Middle Ages Environment for Kids - what was the weather like?
Was it hotter or colder than now? What kind of animals and plants were there?
Middle Ages Environment
Some people say that the cause of the
fall
of the Roman empire in the West around 400
AD
was a change in the
climate,
which caused famines and
plagues
and made people unhappy with their government. It is true that there was
a cold period around this time in Western Europe, but it probably came a
little later, in the 500's and 600's
AD, too
late to be the cause of the fall of Roman government. But around 500 the
climate did get colder. In the south, like in
Spain,
this may have been good: more rain, maybe. In the north, in
France,
Germany, and
England, it
was bad.
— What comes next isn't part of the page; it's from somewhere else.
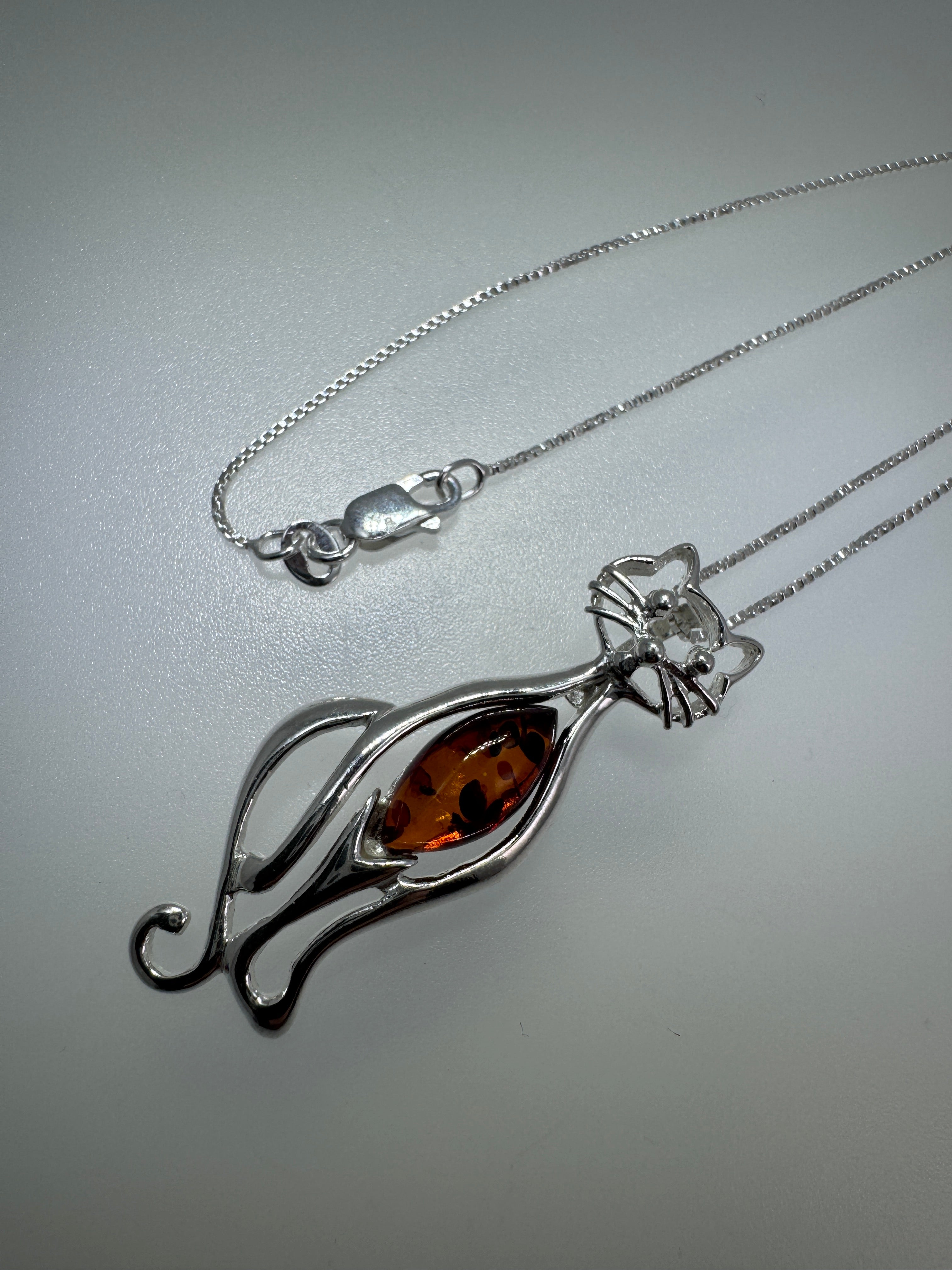 Handmade Sterling Silver Cat Pendant with Genuine Cognac Baltic Amber – Fun & Whimsical Cat Necklace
There was a lot of flooding in the river valleys, and many Roman
villages in the valleys had to be abandoned as people moved up onto the
hills. You couldn't grow
olives
or
wine so far north as before. One result
was a general shift to eating butter rather than olive oil and using tallow
or beeswax candles for lighting instead of oil lamps.
By about 800, in the time of Charlemagne,
the weather began to improve again, and around 1000 AD was probably a very
good time in Europe, when it was easy to grow wheat
and barley and even wine again. The
same weather patterns that made for good weather in north-western Europe,
however, may have made southern
Spain hotter and drier than people liked.
Again toward the end of the Middle Ages, around 1400 AD,
there was another "Little Ice Age," with much the same effects as before.
There was a lot of flooding, and in England
especially there were many years where the crops were ruined and people
went hungry. Although changes in government do have important effects on
ordinary people's lives, the weather also plays a very important role.